I shall go further on the consultation. The Northamptonshire Healthcare NHS Foundation Trust and Healthwatch Northamptonshire support a reduction in the number of councils. They both welcome the closer integration possible as a result of having to engage with fewer authorities, and agree that this is a positive opportunity for change to secure a sustainable future. The Northamptonshire police and crime commissioner is supportive and stated that the

“creation of unitary authorities would bring about clarity for the public and present opportunities for greater co-ordination, realisation of efficiencies and simpler partnership working.”

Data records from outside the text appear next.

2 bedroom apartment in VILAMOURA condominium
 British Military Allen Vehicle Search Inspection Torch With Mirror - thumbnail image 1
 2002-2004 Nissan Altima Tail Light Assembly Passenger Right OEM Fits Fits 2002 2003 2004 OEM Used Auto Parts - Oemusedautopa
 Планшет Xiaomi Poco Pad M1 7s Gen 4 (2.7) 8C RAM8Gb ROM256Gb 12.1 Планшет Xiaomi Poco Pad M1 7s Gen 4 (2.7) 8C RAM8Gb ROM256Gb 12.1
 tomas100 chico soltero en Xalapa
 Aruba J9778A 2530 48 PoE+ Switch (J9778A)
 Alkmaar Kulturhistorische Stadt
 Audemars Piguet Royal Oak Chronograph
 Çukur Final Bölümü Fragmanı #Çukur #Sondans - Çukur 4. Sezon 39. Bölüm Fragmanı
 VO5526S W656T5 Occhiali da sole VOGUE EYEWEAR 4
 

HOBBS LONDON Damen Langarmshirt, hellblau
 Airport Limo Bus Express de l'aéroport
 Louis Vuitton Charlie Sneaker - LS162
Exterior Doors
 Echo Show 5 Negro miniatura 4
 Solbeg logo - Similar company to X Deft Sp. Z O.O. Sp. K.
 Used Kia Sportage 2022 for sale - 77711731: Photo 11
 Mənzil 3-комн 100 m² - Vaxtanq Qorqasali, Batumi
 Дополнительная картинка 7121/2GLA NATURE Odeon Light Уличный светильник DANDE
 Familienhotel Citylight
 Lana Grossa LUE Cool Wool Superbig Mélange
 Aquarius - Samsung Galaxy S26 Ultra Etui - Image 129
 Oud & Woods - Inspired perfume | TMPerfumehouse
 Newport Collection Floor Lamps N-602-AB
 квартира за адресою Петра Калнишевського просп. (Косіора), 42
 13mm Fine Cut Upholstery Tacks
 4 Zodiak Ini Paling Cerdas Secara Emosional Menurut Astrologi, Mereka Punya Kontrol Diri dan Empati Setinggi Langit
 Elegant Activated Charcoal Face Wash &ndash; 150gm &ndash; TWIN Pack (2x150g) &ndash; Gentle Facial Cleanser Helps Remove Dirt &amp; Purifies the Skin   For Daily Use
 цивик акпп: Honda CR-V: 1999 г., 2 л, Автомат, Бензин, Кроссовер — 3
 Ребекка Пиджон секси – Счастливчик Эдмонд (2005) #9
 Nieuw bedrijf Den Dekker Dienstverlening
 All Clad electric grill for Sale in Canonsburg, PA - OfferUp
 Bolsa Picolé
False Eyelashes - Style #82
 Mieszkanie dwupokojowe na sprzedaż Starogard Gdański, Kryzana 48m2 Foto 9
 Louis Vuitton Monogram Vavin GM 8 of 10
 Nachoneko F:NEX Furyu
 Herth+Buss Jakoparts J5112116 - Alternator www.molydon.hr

Finally, the Northamptonshire County Association of Local Councils reported that an overwhelming majority of town and parish councillors supported the principle of unitary authorities being established. We should not dismiss the opinions of local people in this respect. This allows me to pick up a point made by the noble Baroness, Lady Pinnock, about taking “local” out of “local government”. I point out to her that the new parish and town councils are in the process of being established, including in Kettering, Northampton and Wellingborough—note those names. I welcome and encourage this as an important way to strengthen local democracy and enable decisions to be taken to reflect the needs of local communities. I do not agree entirely with the noble Baroness that the local is being taken out the process. In my view, we still have some very robust local democracy.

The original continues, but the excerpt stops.